Atenas, Delfos



Como innumerables turistas he visitado Grecia este verano, pero yo, a diferencia de ellos o al menos esa ilusión me hago, he preparado el viaje concienzudamente. He releído una vez más los libros que me han acompañado desde los inicios de la adolescencia: las tragedias de Esquilo y de Sófocles (Eurípides, sin que sea capaz de precisar el motivo, nunca ha despertado mi curiosidad); también algunos fragmentos de Herodoto, en especial los que narran las batallas de Maratón, de las Termópilas, de Salamina y de Platea; algo de Tucídides, la magnífica oración fúnebre en que Pericles canta a la isonomía, a la igualdad de todos ante la ley, pero no he olvidado el inquietante diálogo de los melios, cuando los poderosos atenienses proclaman su derecho a oprimir a los débiles, a quienes no queda sino elegir entre el sometimiento y la muerte; en fin, de nuevo me he encontrado con Jenofonte, con Platón, con Polibio y con Plutarco.

Los sangrientos mitos de los Labdácidas y de los Átridas han revivido en mi memoria, mientras sentado en una terraza al pie de la Acrópolis de Atenas degustaba una ensalada que, si no fuera por el tomate, apenas se diferenciaría de las que Sócrates compartía con sus amigos, mientras intentaba esclarecer la esencia del bien y de la belleza. Orestes y San Pablo me han acompañado en la colina del Areópago, y he creído entrever a Nicias y Alcíbiades en el Pnyx. Luego desde la terraza del hotel he dirigido la vista, primero hacia la Acrópolis y enseguida hacia el Pireo y el Falero, y he intentado imaginar el trazado de los muros largos: ver, donde ahora las edificaciones se extienden hasta el horizonte, los olivares talados por los espartanos. He sentido, pese a los siglos transcurridos, el dolor de los campesinos ante sus campos devastados; pero también la obstinada determinación y disciplina con que esos mismos campesinos, aunque con más propiedad habría que referirse a sus padres y abuelos, transmutados en hoplitas, habían arremetido contra el agresor persa, y la fe con que hasta los más pobres ciudadanos, embarcados en las trirremes y fiados a la astucia de Temístocles, habían arriesgado la vida para salvar, sin sospecharlo, mientras luchaban por sus familias, por sus talleres y por sus tierras, el germen de una civilización que pronto se revelaría como una de las más espléndidas creaciones del espíritu humano.

Visitar Atenas es viajar a un momento inaugural, implica recapitular sobre nuestras convicciones y certezas, nuestras dudas y opiniones, sentir los primeros y audaces pasos de la razón.

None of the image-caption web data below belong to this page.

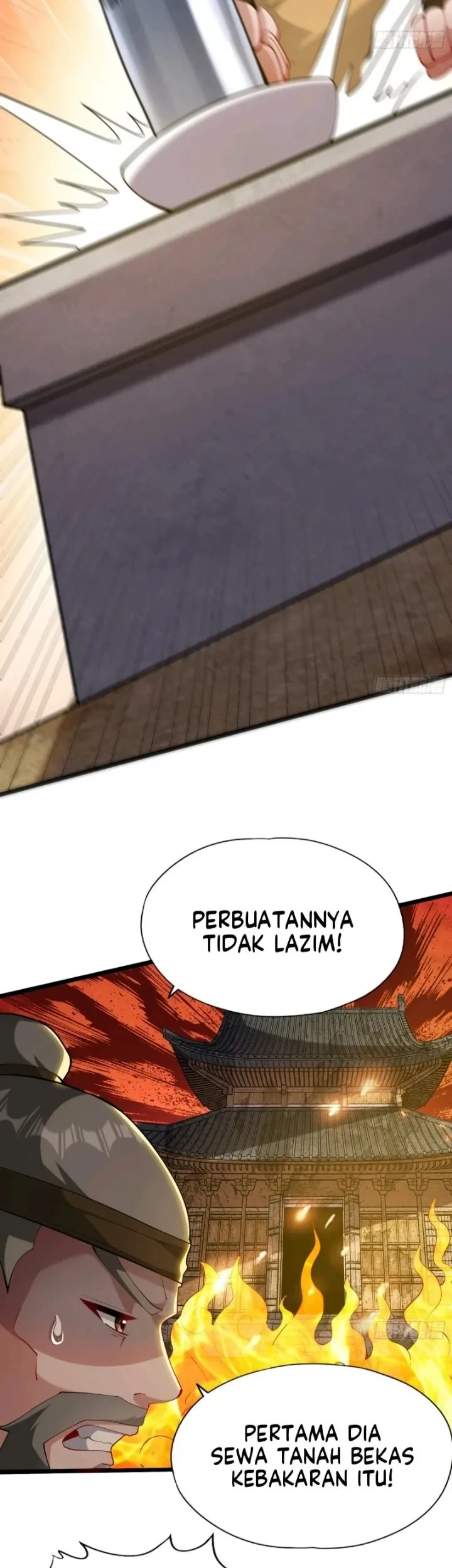 10,000 Ways to Eliminate Players Chapter 13 - halaman 3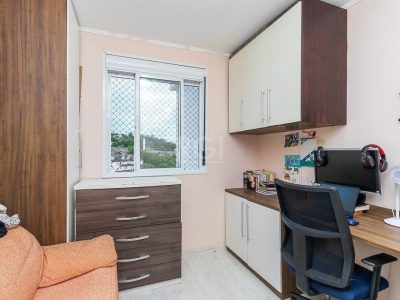 Apartamento à venda com 84m², 3 quartos, 1 suíte, 1 vaga no bairro Jardim Botânico em Porto Alegre - Foto 21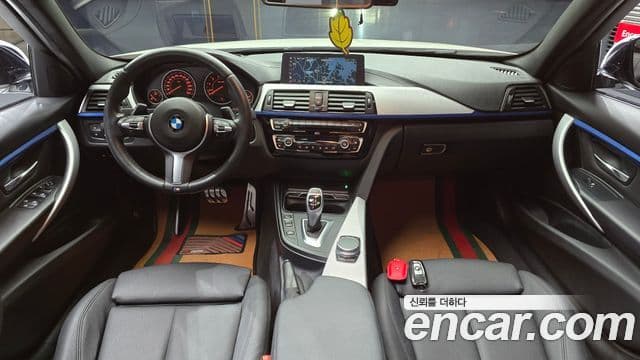 BMW 3시리즈 (F30) 320i M Sport, 2018 7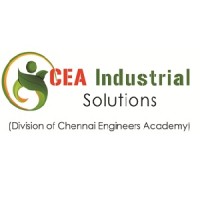 CEA Industrial Solutions logo - Similar company to Strategic Partners - Occupational Turnpoint Academe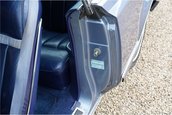 Lincoln Mark V Givenchy Designer Package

Días después en Delfos las sensaciones son distintas. Hay algo sobrecogedor en el paisaje, en la abrupta elevación del Parnaso sobre el golfo de Corinto. Pese a los turistas (después de todo y con toda mi presunción, no soy más que uno de ellos) en el santuario se respira aún la presencia de lo sagrado. De inmediato, sin necesidad de aburridas explicaciones de los guías, comprendemos que nos hallamos en el ónfalos, o mejor dicho, en uno de los numerosos ónfalos, ombligos del mundo, que todas las culturas sitúan como centro de la creación, como lugar privilegiado de relación entre vivos y muertos y también entre mortales e inmortales.